GraphRAG Pipeline for 3d Mirror Symmetry

A hybrid graph- and vector- retrieval-augmented generation (RAG) system built over a theoretical physics PhD thesis on 3d $\mathcal{N}\leq 2$ mirror symmetry, building on an existing RAG pipeline by moving from hierarchical vector retrieval with reranking to a graph-structured retrieval paradigm designed for multi-hop reasoning.

Note: the thesis itself is not available now, but the content of the relevant papers can be found here.

Motivation

Standard RAG pipelines perform well on local semantic retrieval, but struggle with:

multi-hop theoretical dependencies
cross-referenced physical constructions
structured reasoning across definitions, dualities, and mappings

In this domain (supersymmetric gauge theories and mirror symmetry), answers often require composing information across multiple linked concepts. HierarchicalRAG + reranking improves relevance, but remains fundamentally flat in structure, limiting reasoning depth.

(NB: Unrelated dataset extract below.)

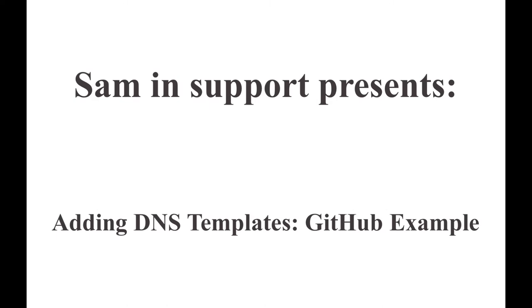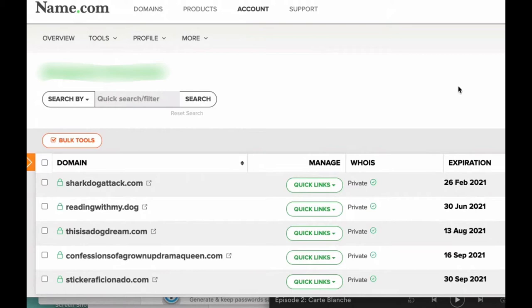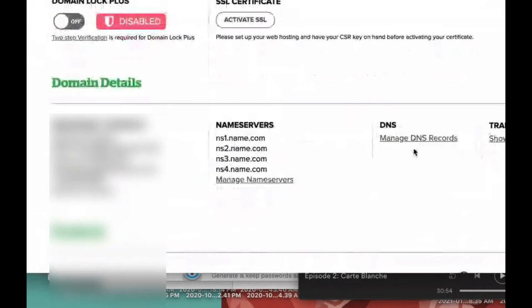What I'm going to show you how to do is how to add DNS templates to your Name.com domain. We're going to start here on the Name.com domain dashboard. If you need to get here at any time, you can click on My Domains and it'll show you all your domain names. Just click on your domain name to manage it, and then once you scroll down, you'll see all your domain details — click on Manage DNS Records.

We introduce a GraphRAG layer over scientific corpora, where:

nodes represent theories and operators
edges encode relations (duality, RG flows, symmetry maps)
retrieval operates over graph neighborhoods rather than isolated chunks

This enables multi-hop contextual expansion aligned with the structure of theoretical physics knowledge.

Corpus

Source: PhD thesis "The ABCD's of Mirror Symmetry", Pages 39–327 (289 pages) — front matter and bibliography excluded
Rationale for exclusion: Bibliography pages produced hallucinated summaries (e.g. holomorphic 3-forms, Calabi-Yau geometry) in preliminary runs, adding noise without signal
Parser: Multimodal PDF parsing and structured extraction using Gemini 3.1 Flash-Lite (handles TikZ quiver diagrams and LaTeX equations)
Embedding Model: BAAI/bge-large-en-v1.5 (top MTEB leaderboard, free, runs on T4)
Index: VectorStoreIndex

Architecture

Notebook 1: Proof of Concept (`GraphRAG_PoC.ipynb`)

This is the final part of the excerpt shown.